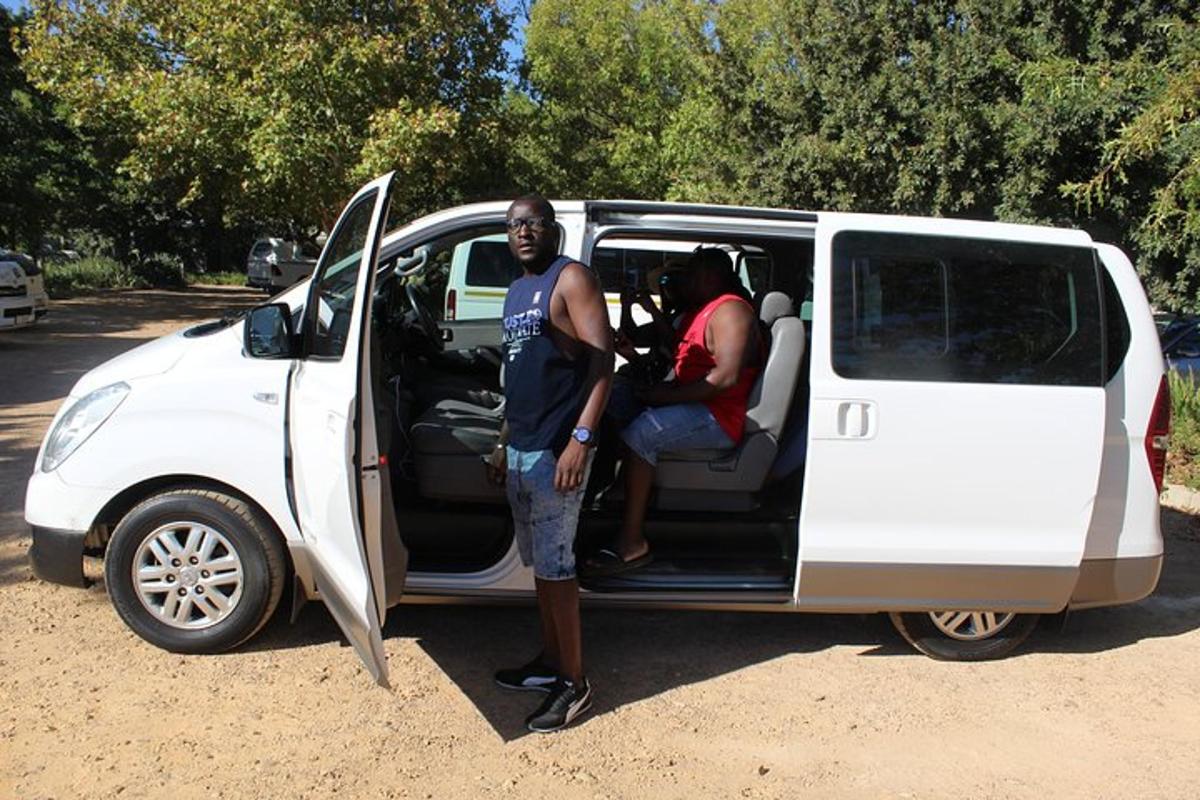 a man standing in the open door of a white van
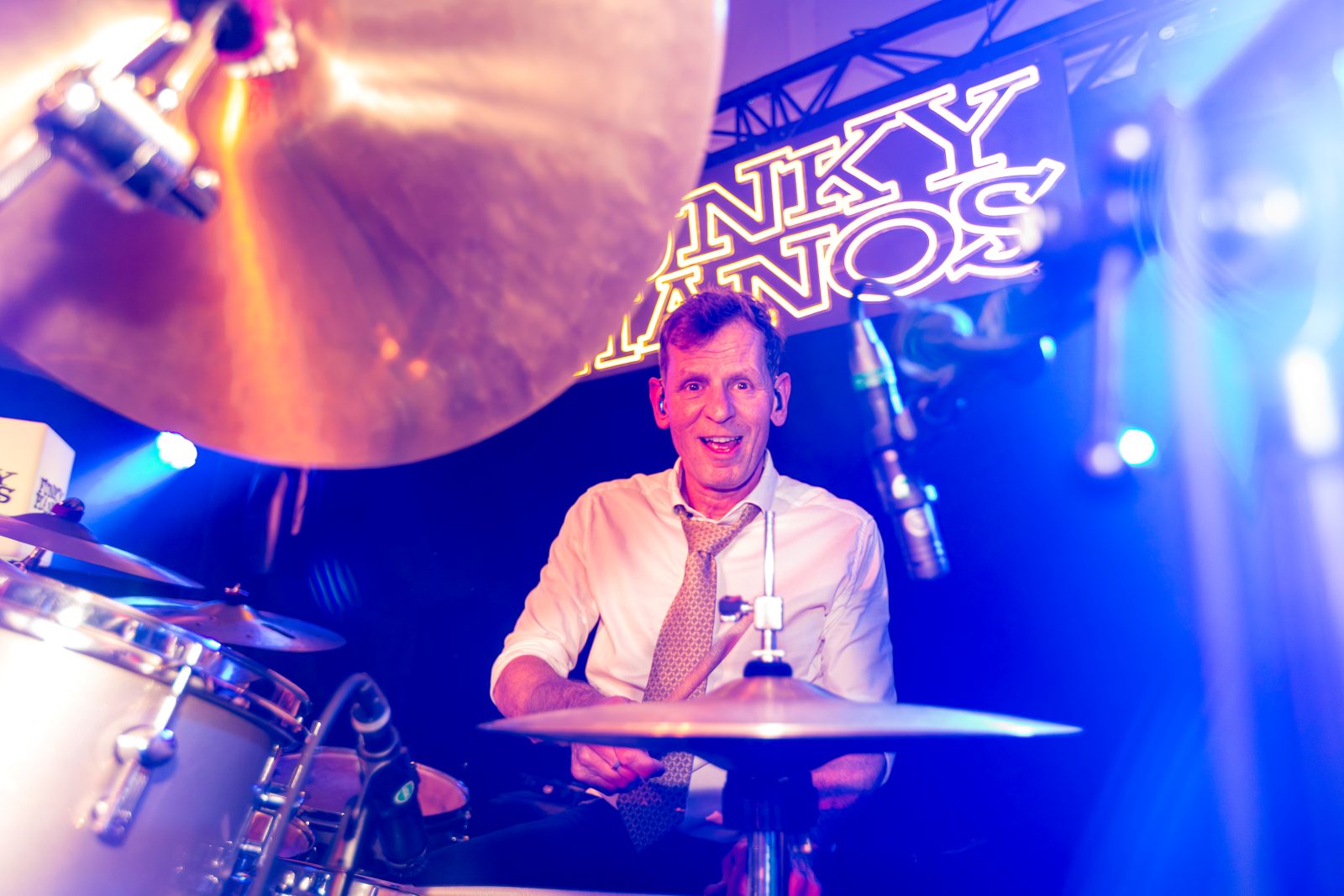 De drummer van Funky Pianos achter zijn drumstel onder het podiumlicht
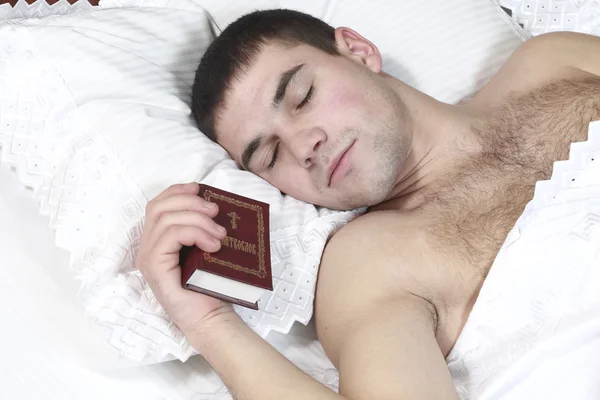 Un joven se quedó dormido con la Biblia en las manos de — Foto de Stock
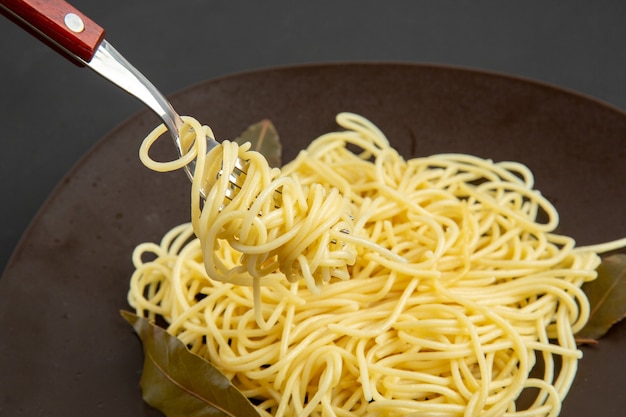 Ansicht von unten Spaghetti Pasta Gabel auf Teller auf schwarzem Hintergrund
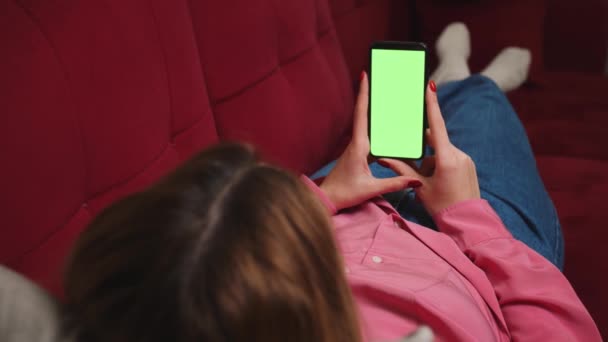 Cierra las manos de mujer sosteniendo el teléfono inteligente de pantalla verde cromakey viendo contenido, deslizando desplazamiento en el sofá en casa. Gadgets concepto de personas. - Metraje, vídeo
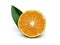 Half tangerine with leaf on white background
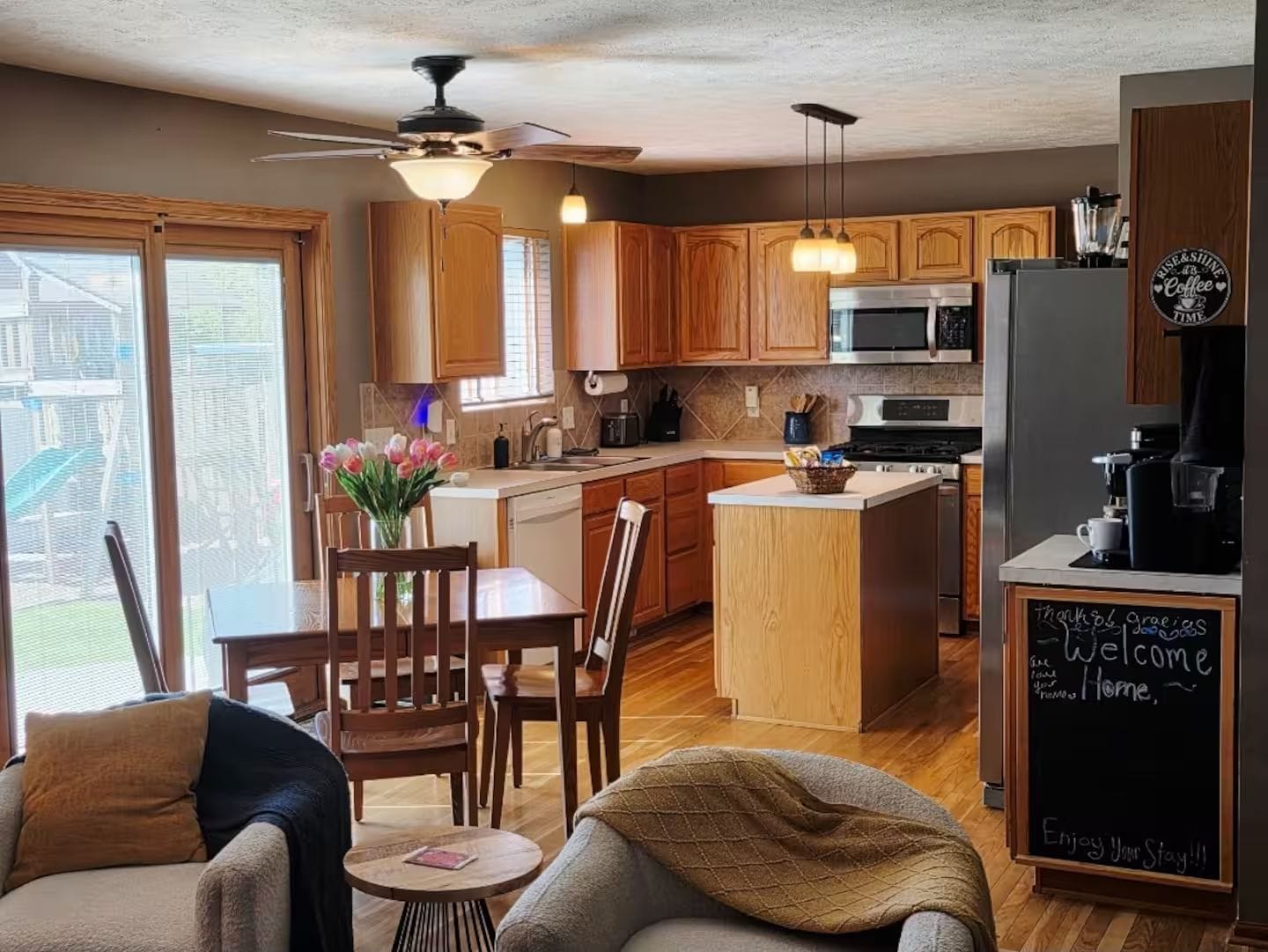 Una cocina moderna con armarios de madera, una isla central y un refrigerador con cafetera.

• • •

From the data above, return exactly the lines from the one with "De drummer van" up to and including the one with "Cierra las manos". Pictures do not go in the copy.

 De drummer van Funky Pianos achter zijn drumstel onder het podiumlicht
 Un joven se quedó dormido con la Biblia en las manos de — Foto de Stock
 Ansicht von unten Spaghetti Pasta Gabel auf Teller auf schwarzem Hintergrund
 Cierra las manos de mujer sosteniendo el teléfono inteligente de pantalla verde cromakey viendo contenido, deslizando desplazamiento en el sofá en casa. Gadgets concepto de personas. - Metraje, vídeo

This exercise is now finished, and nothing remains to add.